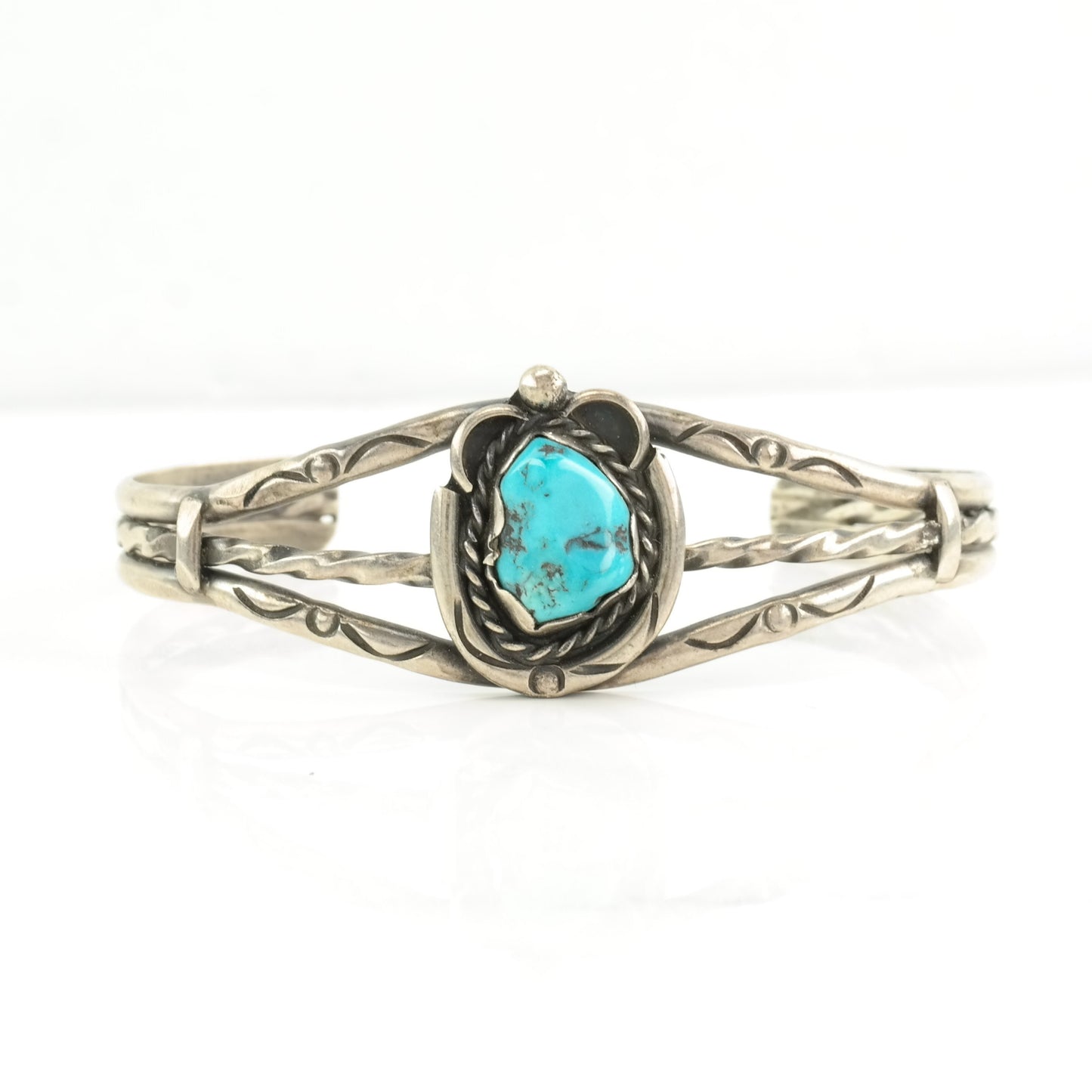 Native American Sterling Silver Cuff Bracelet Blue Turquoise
━━━━━━━━━━━━━━━━━━━━━━━━━━━━━━
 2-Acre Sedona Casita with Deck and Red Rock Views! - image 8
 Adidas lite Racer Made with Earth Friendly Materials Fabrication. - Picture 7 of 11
━━━━━━━━━━━━━━━━━━━━━━━━━━━━━━
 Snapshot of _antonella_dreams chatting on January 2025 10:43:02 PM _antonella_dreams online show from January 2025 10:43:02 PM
━━━━━━━━━━━━━━━━━━━━━━━━━━━━━━
◆ **Your task**: Lines from the records above that hold "with" are the ones to list.

◆ **Result**:
 2-Acre Sedona Casita with Deck and Red Rock Views! - image 8
 Adidas lite Racer Made with Earth Friendly Materials Fabrication. - Picture 7 of 11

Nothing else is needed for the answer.